An algorithm never competes with a designer — it‘s like a power-tool. It frees the designer to focus on the real creative work.
Algorithms complement the pen and paper work of a designer and do not replace it. The algorithms fill in the details and generate structures and functionality on the fly.
When combined with Additive Manufacturing methods on serial production 3D printers, the designer‘s vision becomes reality without restriction.
D3D: What does the future of design look like?
D-A Pham: New production methods, especially 3D printing in serial production and new materials give us so much more freedom. But the designer’s toolkit has not been keeping up with this quantum leap.
We now have the opportunity to shape this new paradigm with the help of powerful computing tools. We now have a new type of brush in our toolkit, one that allows us to paint atoms into space. Now, we have to rethink how we work, how do we want to work?
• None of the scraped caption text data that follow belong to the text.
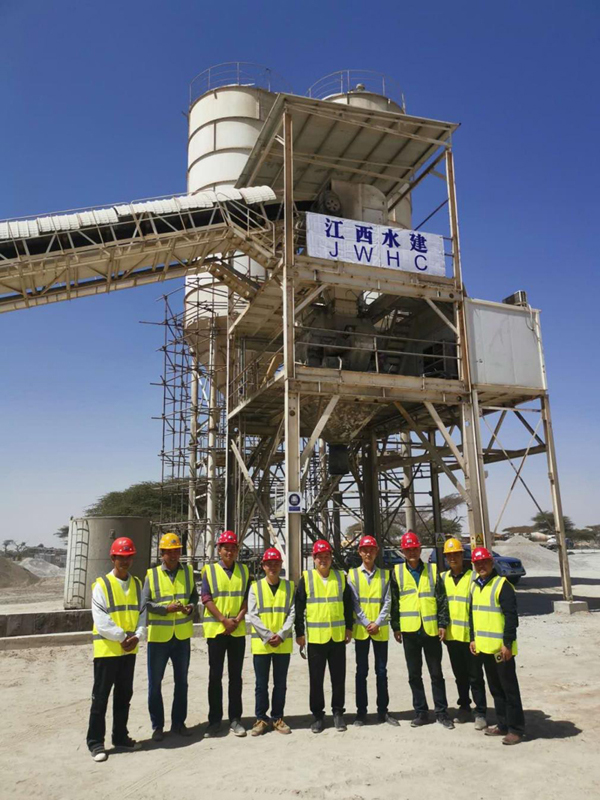 ���Ź�˾���³���Ԫ��һ��ο��Ĭ��-���������ٹ�·��Ŀ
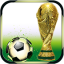 icon android World Cup 2014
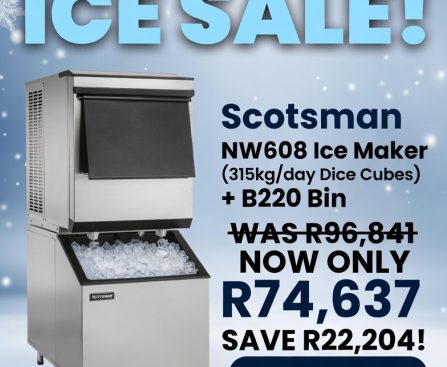 winter sale nw608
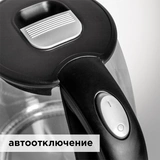 Чайник Redmond RK-G178 - фото 8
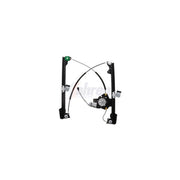 Fahren Electric Window Regulator Lifter Right Front FWD1029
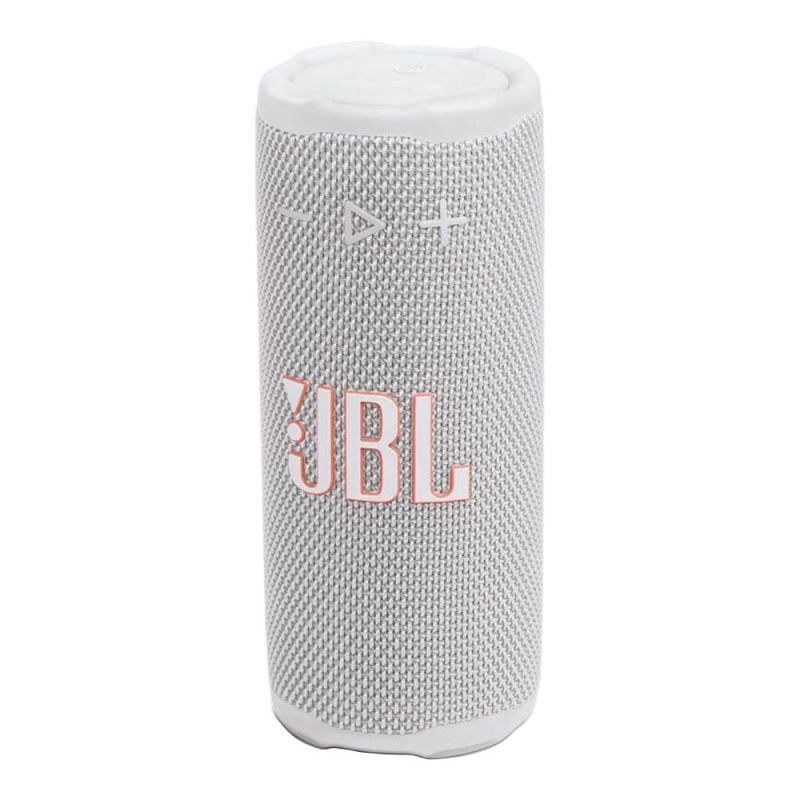 JBL Grip White reproduktor JBL GRIP WHT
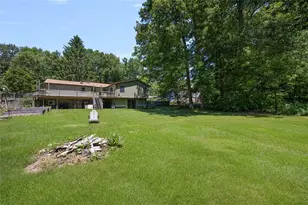 456 Rockland Rd, Scituate, RI 02857 - Photo 13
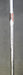 Odyssey White Hot 7 Pro Putter Steel Shaft 86cm Length Odyssey Grip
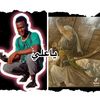 abdoulatethioune3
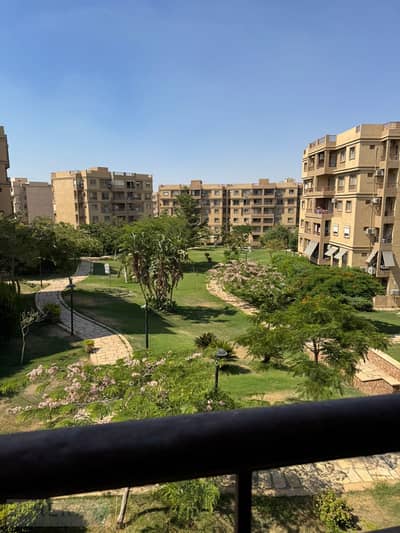 شقة 3 غرف نوم للبيع في مدينتي، القاهرة - IMG-20250903-WA0143. jpg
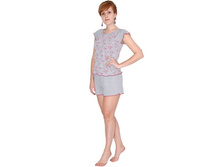 P 008 �������.jpg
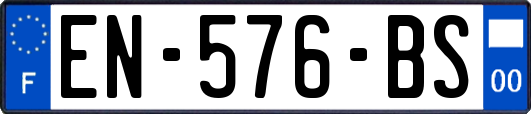 EN-576-BS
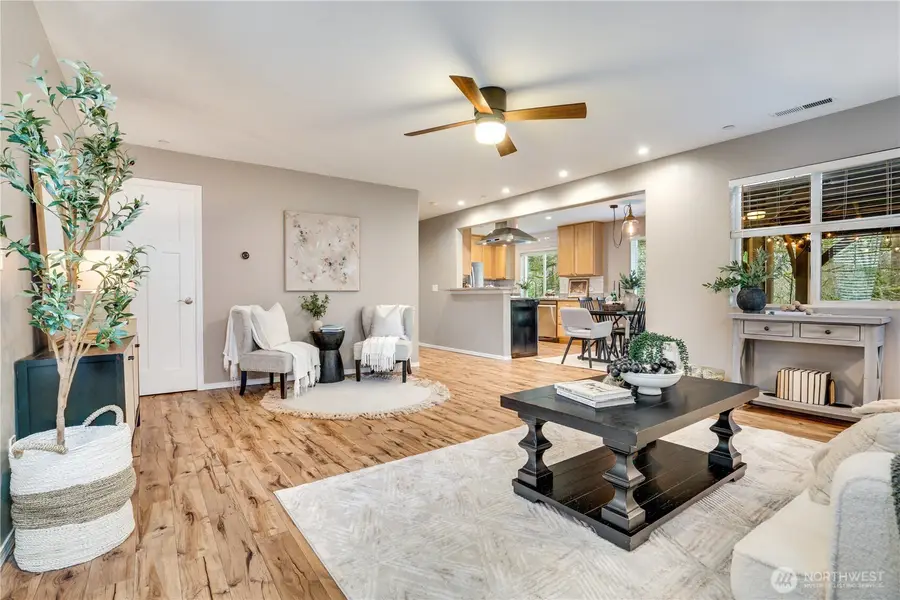 1175 Griggs Street, Dupont, WA 98327 - #3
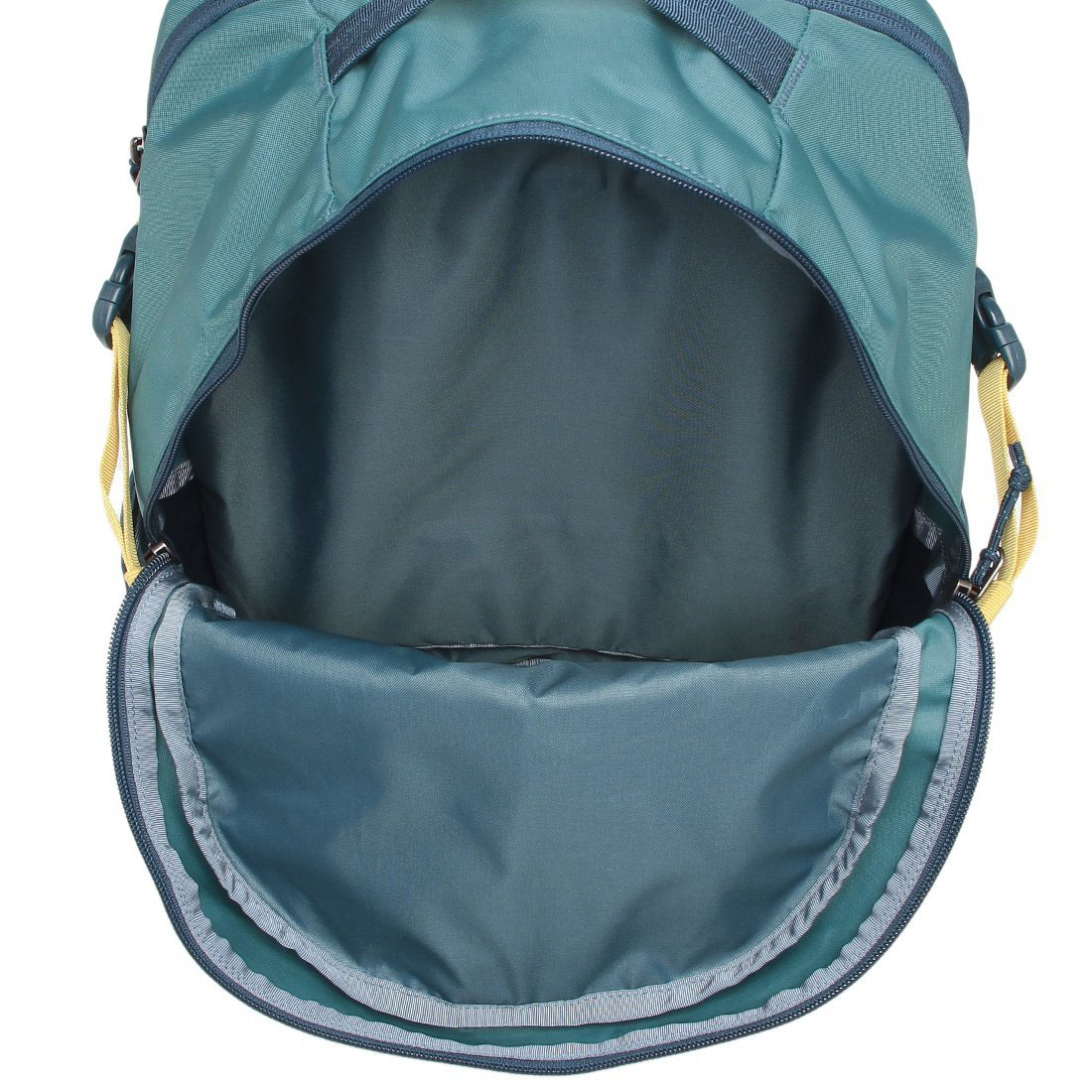 パタゴニア Patagonia リュック バックパック レフュジオ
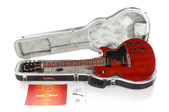 2005 Gibson CS 60RI LP Special Ch. 5112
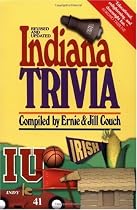 Indiana Trivia
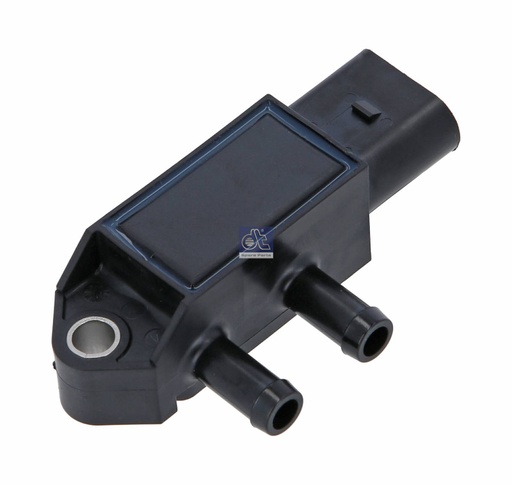 [DTS 11.80627] Capteur VW - DT SPARE PARTS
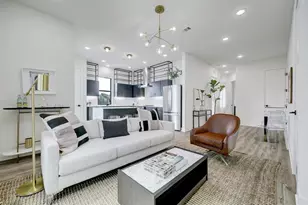 4722 Old Spanish Trl, Houston, TX 77021 - Photo 7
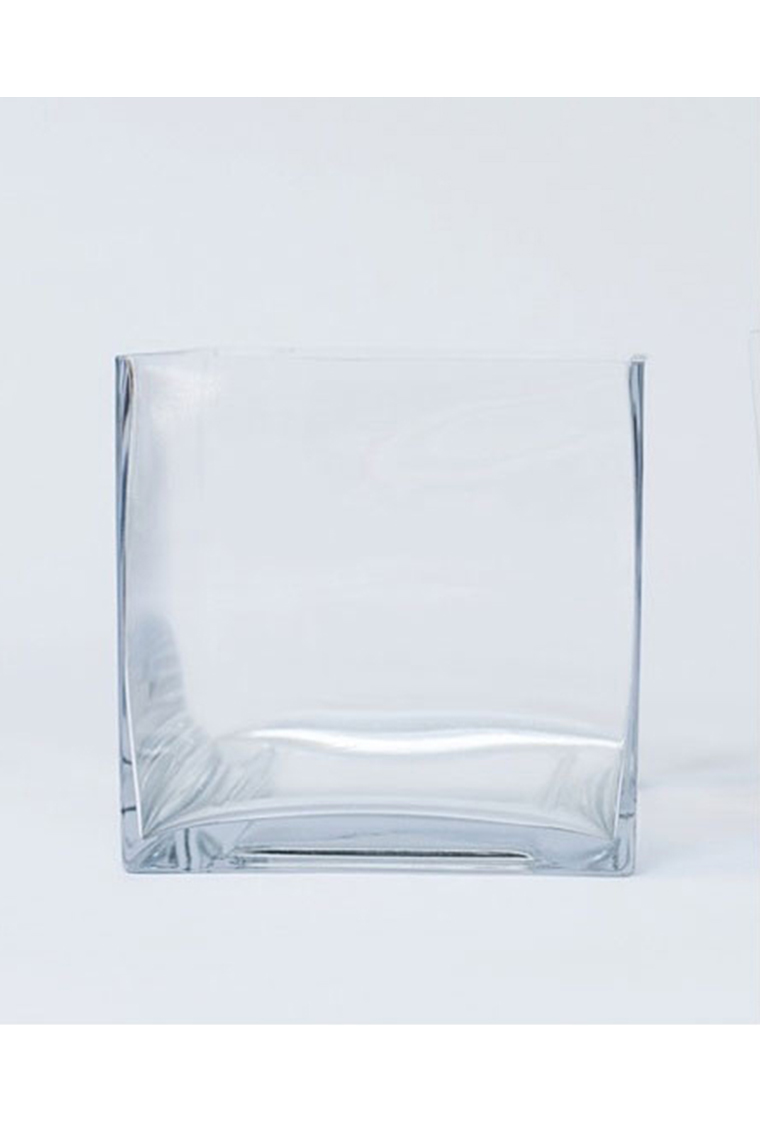 Tank Vase Tank Vase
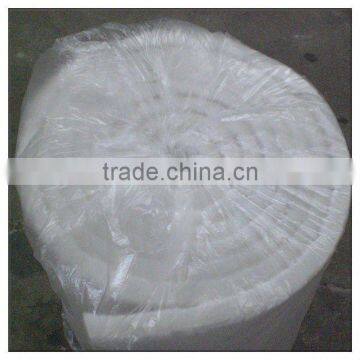Refractory material Ceramic Fibre Blanket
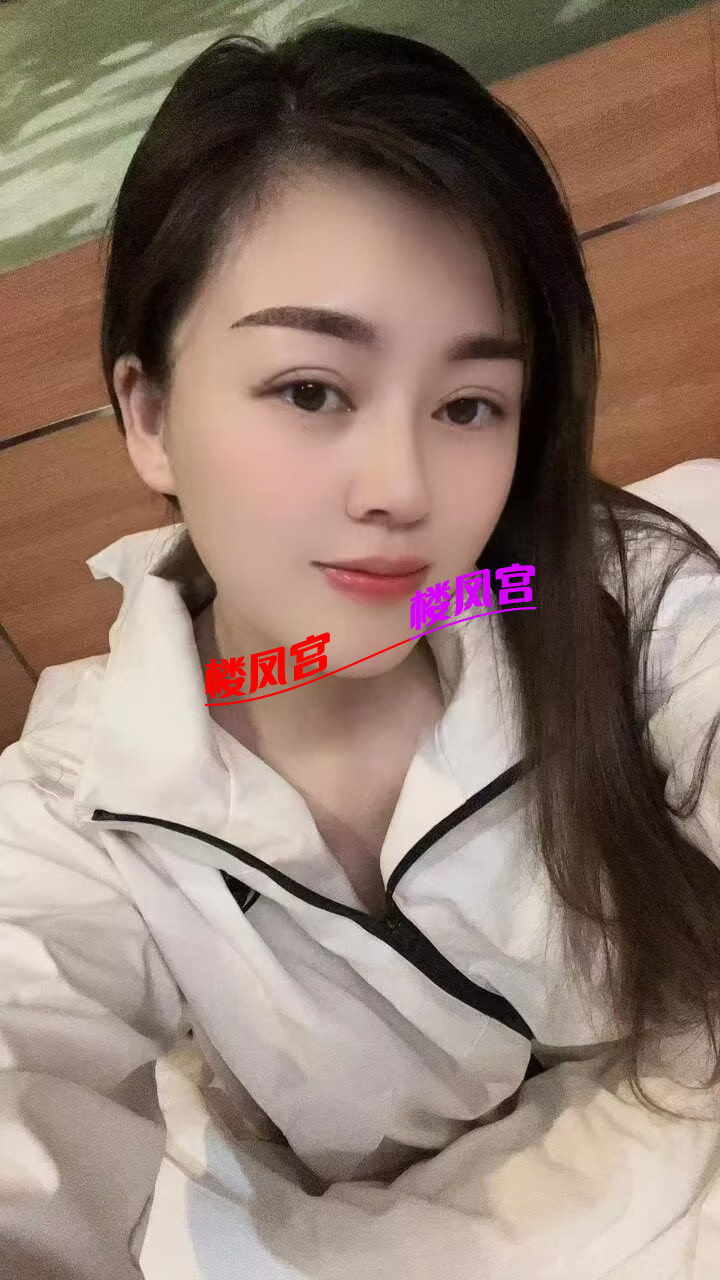 227C9BBACDC92131884073203C7A1404 (1).png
As designers we need to be curious about these new tools and ready to shape future practices. This is what we explore in the Hyperganic Lab.
We work with designers and engineers to bring their work to a meta-level where they can focus on decisions and the general approach and are not caught up in insignificant details.
You can offload decisions about details to AI components, which can be driven by creative input but also usage data by statistics, simulations, etc.
Take our helmet case study as an example: The designer designs the aesthetic overall shape of the helmet. The algorithm then combines the head scan and historical information about crash statistics to generate a custom fit helmet with optimal protection for the head.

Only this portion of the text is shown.